BEGIN

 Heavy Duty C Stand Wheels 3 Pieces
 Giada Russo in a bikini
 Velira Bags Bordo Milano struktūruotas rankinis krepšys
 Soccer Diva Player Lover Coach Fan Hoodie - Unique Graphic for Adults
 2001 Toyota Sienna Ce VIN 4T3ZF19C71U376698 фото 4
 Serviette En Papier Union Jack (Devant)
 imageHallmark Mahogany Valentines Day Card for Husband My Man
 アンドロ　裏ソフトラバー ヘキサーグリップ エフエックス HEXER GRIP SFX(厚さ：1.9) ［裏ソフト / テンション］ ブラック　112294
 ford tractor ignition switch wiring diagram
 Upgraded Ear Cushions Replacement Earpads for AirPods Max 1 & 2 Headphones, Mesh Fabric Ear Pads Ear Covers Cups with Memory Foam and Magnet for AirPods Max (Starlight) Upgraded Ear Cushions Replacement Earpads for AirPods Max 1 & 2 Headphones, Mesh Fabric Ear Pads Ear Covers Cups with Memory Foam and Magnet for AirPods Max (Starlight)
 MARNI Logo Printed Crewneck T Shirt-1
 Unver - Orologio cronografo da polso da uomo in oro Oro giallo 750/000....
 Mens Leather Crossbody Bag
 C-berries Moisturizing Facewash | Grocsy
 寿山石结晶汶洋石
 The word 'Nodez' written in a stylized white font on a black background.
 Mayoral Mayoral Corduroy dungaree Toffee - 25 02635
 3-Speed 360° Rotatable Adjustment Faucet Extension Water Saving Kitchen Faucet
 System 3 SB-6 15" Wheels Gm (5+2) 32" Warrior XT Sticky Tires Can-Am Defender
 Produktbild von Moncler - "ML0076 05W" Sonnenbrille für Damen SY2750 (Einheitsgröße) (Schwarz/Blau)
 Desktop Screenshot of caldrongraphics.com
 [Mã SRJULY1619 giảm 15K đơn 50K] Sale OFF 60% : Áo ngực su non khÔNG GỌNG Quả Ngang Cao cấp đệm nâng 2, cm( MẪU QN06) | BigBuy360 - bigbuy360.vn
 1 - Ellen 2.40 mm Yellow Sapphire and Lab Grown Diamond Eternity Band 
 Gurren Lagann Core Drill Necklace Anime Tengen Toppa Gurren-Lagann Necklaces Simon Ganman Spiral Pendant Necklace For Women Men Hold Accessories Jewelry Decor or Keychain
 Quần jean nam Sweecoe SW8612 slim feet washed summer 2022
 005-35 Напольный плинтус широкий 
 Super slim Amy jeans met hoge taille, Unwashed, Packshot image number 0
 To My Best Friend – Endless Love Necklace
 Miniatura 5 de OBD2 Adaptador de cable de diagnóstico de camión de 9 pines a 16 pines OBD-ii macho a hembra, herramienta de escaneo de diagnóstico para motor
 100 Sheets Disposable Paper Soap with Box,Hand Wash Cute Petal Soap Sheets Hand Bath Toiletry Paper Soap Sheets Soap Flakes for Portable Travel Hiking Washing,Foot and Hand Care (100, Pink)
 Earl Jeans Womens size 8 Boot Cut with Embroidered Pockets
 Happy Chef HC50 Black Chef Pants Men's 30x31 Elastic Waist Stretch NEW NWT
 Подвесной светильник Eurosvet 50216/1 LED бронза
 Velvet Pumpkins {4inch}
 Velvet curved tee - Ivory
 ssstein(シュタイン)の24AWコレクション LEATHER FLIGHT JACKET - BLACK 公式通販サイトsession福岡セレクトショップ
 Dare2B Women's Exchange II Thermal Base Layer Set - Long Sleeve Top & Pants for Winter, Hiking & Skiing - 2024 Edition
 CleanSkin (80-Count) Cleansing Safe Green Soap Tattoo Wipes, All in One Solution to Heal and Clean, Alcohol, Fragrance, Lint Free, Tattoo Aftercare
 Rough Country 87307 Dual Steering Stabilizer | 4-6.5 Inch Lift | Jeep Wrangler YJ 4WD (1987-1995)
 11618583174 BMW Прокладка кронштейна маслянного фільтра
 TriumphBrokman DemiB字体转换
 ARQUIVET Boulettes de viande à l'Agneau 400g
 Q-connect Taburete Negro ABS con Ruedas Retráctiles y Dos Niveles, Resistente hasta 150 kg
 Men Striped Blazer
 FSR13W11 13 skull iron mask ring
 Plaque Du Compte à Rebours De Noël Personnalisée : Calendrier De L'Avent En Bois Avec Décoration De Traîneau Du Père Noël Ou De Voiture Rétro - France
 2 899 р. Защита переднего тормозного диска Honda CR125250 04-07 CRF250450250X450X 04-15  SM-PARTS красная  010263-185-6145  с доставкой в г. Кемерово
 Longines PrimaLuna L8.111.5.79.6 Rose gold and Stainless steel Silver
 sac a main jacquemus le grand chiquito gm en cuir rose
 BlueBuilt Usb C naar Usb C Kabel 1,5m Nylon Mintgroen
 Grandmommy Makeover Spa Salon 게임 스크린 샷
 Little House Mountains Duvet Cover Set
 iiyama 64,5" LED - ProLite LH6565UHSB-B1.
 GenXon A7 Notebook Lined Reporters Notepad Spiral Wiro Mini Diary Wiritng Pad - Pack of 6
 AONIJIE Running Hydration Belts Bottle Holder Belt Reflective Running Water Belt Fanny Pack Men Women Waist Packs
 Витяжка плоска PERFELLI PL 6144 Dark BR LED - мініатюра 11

END

▶ **What you should do**
Each entry needs to be written out again, exactly as given.

▶ **Solution to the problem**
 Heavy Duty C Stand Wheels 3 Pieces
 Giada Russo in a bikini
 Velira Bags Bordo Milano struktūruotas rankinis krepšys
 Soccer Diva Player Lover Coach Fan Hoodie - Unique Graphic for Adults
 2001 Toyota Sienna Ce VIN 4T3ZF19C71U376698 фото 4
 Serviette En Papier Union Jack (Devant)
 imageHallmark Mahogany Valentines Day Card for Husband My Man
 アンドロ　裏ソフトラバー ヘキサーグリップ エフエックス HEXER GRIP SFX(厚さ：1.9) ［裏ソフト / テンション］ ブラック　112294
 ford tractor ignition switch wiring diagram
 Upgraded Ear Cushions Replacement Earpads for AirPods Max 1 & 2 Headphones, Mesh Fabric Ear Pads Ear Covers Cups with Memory Foam and Magnet for AirPods Max (Starlight) Upgraded Ear Cushions Replacement Earpads for AirPods Max 1 & 2 Headphones, Mesh Fabric Ear Pads Ear Covers Cups with Memory Foam and Magnet for AirPods Max (Starlight)
 MARNI Logo Printed Crewneck T Shirt-1
 Unver - Orologio cronografo da polso da uomo in oro Oro giallo 750/000....
 Mens Leather Crossbody Bag
 C-berries Moisturizing Facewash | Grocsy
 寿山石结晶汶洋石
 The word 'Nodez' written in a stylized white font on a black background.
 Mayoral Mayoral Corduroy dungaree Toffee - 25 02635
 3-Speed 360° Rotatable Adjustment Faucet Extension Water Saving Kitchen Faucet
 System 3 SB-6 15" Wheels Gm (5+2) 32" Warrior XT Sticky Tires Can-Am Defender
 Produktbild von Moncler - "ML0076 05W" Sonnenbrille für Damen SY2750 (Einheitsgröße) (Schwarz/Blau)
 Desktop Screenshot of caldrongraphics.com
 [Mã SRJULY1619 giảm 15K đơn 50K] Sale OFF 60% : Áo ngực su non khÔNG GỌNG Quả Ngang Cao cấp đệm nâng 2, cm( MẪU QN06) | BigBuy360 - bigbuy360.vn
 1 - Ellen 2.40 mm Yellow Sapphire and Lab Grown Diamond Eternity Band 
 Gurren Lagann Core Drill Necklace Anime Tengen Toppa Gurren-Lagann Necklaces Simon Ganman Spiral Pendant Necklace For Women Men Hold Accessories Jewelry Decor or Keychain
 Quần jean nam Sweecoe SW8612 slim feet washed summer 2022
 005-35 Напольный плинтус широкий 
 Super slim Amy jeans met hoge taille, Unwashed, Packshot image number 0
 To My Best Friend – Endless Love Necklace
 Miniatura 5 de OBD2 Adaptador de cable de diagnóstico de camión de 9 pines a 16 pines OBD-ii macho a hembra, herramienta de escaneo de diagnóstico para motor
 100 Sheets Disposable Paper Soap with Box,Hand Wash Cute Petal Soap Sheets Hand Bath Toiletry Paper Soap Sheets Soap Flakes for Portable Travel Hiking Washing,Foot and Hand Care (100, Pink)
 Earl Jeans Womens size 8 Boot Cut with Embroidered Pockets
 Happy Chef HC50 Black Chef Pants Men's 30x31 Elastic Waist Stretch NEW NWT
 Подвесной светильник Eurosvet 50216/1 LED бронза
 Velvet Pumpkins {4inch}
 Velvet curved tee - Ivory
 ssstein(シュタイン)の24AWコレクション LEATHER FLIGHT JACKET - BLACK 公式通販サイトsession福岡セレクトショップ
 Dare2B Women's Exchange II Thermal Base Layer Set - Long Sleeve Top & Pants for Winter, Hiking & Skiing - 2024 Edition
 CleanSkin (80-Count) Cleansing Safe Green Soap Tattoo Wipes, All in One Solution to Heal and Clean, Alcohol, Fragrance, Lint Free, Tattoo Aftercare
 Rough Country 87307 Dual Steering Stabilizer | 4-6.5 Inch Lift | Jeep Wrangler YJ 4WD (1987-1995)
 11618583174 BMW Прокладка кронштейна маслянного фільтра
 TriumphBrokman DemiB字体转换
 ARQUIVET Boulettes de viande à l'Agneau 400g
 Q-connect Taburete Negro ABS con Ruedas Retráctiles y Dos Niveles, Resistente hasta 150 kg
 Men Striped Blazer
 FSR13W11 13 skull iron mask ring
 Plaque Du Compte à Rebours De Noël Personnalisée : Calendrier De L'Avent En Bois Avec Décoration De Traîneau Du Père Noël Ou De Voiture Rétro - France
 2 899 р. Защита переднего тормозного диска Honda CR125250 04-07 CRF250450250X450X 04-15  SM-PARTS красная  010263-185-6145  с доставкой в г. Кемерово
 Longines PrimaLuna L8.111.5.79.6 Rose gold and Stainless steel Silver
 sac a main jacquemus le grand chiquito gm en cuir rose
 BlueBuilt Usb C naar Usb C Kabel 1,5m Nylon Mintgroen
 Grandmommy Makeover Spa Salon 게임 스크린 샷
 Little House Mountains Duvet Cover Set
 iiyama 64,5" LED - ProLite LH6565UHSB-B1.
 GenXon A7 Notebook Lined Reporters Notepad Spiral Wiro Mini Diary Wiritng Pad - Pack of 6
 AONIJIE Running Hydration Belts Bottle Holder Belt Reflective Running Water Belt Fanny Pack Men Women Waist Packs
 Витяжка плоска PERFELLI PL 6144 Dark BR LED - мініатюра 11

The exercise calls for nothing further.